TEXT: ANDREAS WILINK
Der Mann ist eine Zumutung, wie er schon spricht und sich benimmt. Und dann, wie er malt! Timothy Spall, ausgezeichnet als bester Darsteller in Cannes, ist als Mr. Turner bärbeißig, brummig, ungehobelt, plump. Eine Dickens-Figur, grotesk, fast satirisch verzeichnet, doch anrührend in seinem verschlossenen Wesen und zart unbeholfen, wenn er etwa Henry Purcells Trauergesang der Dido mitsingt. Im englischen Original versteht man ihn kaum; die deutsche Synchronfassung lässt ihn kommunikativer erscheinen. Für die Mutter seiner Töchter, gewiss eine ziemliche Schreckschraube, hat William Turner kaum ein Wort. Er teilt sein Leben mit dem geliebten betagten Vater, der ihm bis ans Ende seiner Tage als Handlanger nützlich ist, die Farben einkauft und die Leinwände präpariert. Dann ist da noch eine brave Haushälterin, irgendwie verwandt, und ab und an auch zu anderen Diensten willfährig.

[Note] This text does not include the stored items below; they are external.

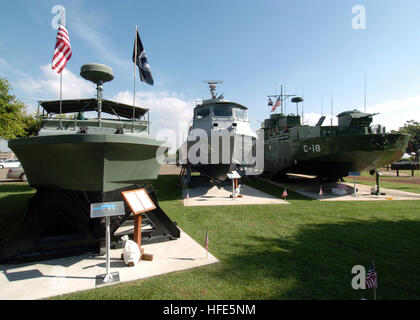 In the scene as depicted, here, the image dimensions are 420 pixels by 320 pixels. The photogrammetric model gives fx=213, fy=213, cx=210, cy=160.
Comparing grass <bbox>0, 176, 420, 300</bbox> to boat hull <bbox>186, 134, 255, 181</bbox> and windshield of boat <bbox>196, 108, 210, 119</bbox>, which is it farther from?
windshield of boat <bbox>196, 108, 210, 119</bbox>

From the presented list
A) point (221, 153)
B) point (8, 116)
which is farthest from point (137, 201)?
point (8, 116)

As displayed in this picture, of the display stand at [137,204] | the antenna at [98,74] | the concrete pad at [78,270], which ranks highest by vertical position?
the antenna at [98,74]

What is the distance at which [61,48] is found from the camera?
491 cm

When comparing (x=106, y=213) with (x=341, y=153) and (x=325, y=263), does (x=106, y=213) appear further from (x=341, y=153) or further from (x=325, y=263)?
(x=341, y=153)

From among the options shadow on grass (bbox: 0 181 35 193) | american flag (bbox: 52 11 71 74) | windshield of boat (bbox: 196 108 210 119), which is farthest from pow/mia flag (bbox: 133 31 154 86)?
shadow on grass (bbox: 0 181 35 193)

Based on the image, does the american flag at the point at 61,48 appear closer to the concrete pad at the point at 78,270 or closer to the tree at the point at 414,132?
the concrete pad at the point at 78,270

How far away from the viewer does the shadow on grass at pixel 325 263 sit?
2906 mm

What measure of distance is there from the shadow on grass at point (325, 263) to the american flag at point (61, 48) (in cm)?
554

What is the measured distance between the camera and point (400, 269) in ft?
11.5

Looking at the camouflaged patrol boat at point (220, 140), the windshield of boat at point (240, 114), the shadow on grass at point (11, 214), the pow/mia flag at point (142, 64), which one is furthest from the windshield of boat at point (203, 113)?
the shadow on grass at point (11, 214) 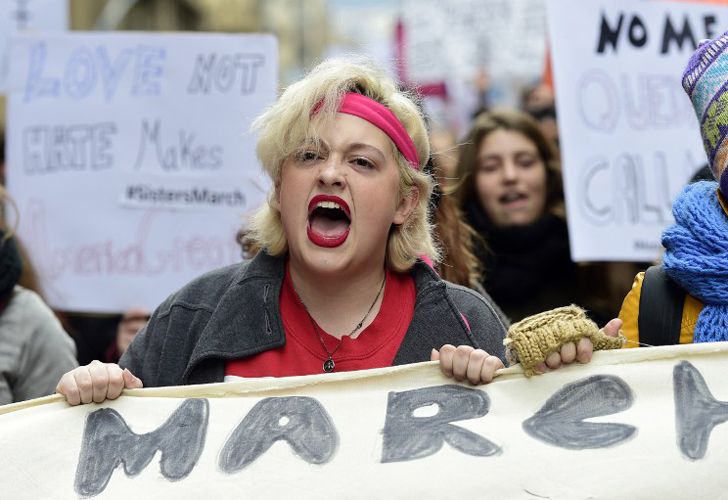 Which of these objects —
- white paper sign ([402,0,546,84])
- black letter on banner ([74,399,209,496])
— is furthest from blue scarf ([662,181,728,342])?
white paper sign ([402,0,546,84])

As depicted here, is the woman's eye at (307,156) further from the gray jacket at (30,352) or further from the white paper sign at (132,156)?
the white paper sign at (132,156)

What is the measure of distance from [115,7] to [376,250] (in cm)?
1576

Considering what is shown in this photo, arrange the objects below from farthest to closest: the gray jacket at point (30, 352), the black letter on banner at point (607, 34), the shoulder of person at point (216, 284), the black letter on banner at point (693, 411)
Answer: the black letter on banner at point (607, 34), the gray jacket at point (30, 352), the shoulder of person at point (216, 284), the black letter on banner at point (693, 411)

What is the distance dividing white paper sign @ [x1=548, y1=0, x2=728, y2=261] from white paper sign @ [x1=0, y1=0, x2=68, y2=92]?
201cm

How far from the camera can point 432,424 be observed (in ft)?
8.49

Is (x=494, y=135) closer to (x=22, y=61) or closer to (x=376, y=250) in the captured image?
(x=22, y=61)

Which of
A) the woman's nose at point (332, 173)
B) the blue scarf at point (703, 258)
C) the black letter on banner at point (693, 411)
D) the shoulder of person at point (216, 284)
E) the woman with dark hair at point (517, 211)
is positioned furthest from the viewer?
the woman with dark hair at point (517, 211)

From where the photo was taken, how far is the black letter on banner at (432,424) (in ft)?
8.29

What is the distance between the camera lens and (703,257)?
2568 mm

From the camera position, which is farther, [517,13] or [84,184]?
[517,13]

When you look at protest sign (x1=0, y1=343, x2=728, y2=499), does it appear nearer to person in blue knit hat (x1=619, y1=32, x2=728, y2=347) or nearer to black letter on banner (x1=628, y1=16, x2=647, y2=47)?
person in blue knit hat (x1=619, y1=32, x2=728, y2=347)

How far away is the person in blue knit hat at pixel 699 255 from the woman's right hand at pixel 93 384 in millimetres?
1028

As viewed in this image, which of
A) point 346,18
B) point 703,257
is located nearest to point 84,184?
point 703,257

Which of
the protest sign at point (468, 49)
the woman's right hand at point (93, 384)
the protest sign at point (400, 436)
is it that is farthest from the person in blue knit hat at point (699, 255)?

Mike Leigh zeigt Szenen aus einem bürgerlich anarchischen Heldenleben in der ersten Hälfe des 19. Jahrhunderts: William Turner, anerkannter Künstler für seine gloriosen Seestücke, Mitglied der Akademie, Zierde der Salons, Kultfigur der Romantik. Wir sehen von Beginn an einen gänzlich unkonventionellen Mann: der zu Anfang in einer belgisch-holländischen Landschaft mit Windmühle und zwei Frauen mit weißen Hauben steht und zeichnet; später an der Kreideküste bei Margate immer wieder das Meer studiert und sich bei Wind und Wetter an einen Schiffsmast binden lässt, um die Elemente in ihrer Wucht hautnah zu erfahren; der er in einem Bordell Aktstudien macht; der seinen eigenen frühen Malstil verhöhnt, nachdem er die pastosen Striche auf einem Gemälde des Zeitgenossen Constable betrachtet hat; der zunächst unter falschem Namen eine lange Liebesbeziehung zur Witwe Sophia Booth in Margate unterhält. Der mit allem bricht, auch mit sich selbst, wenn es sein muss.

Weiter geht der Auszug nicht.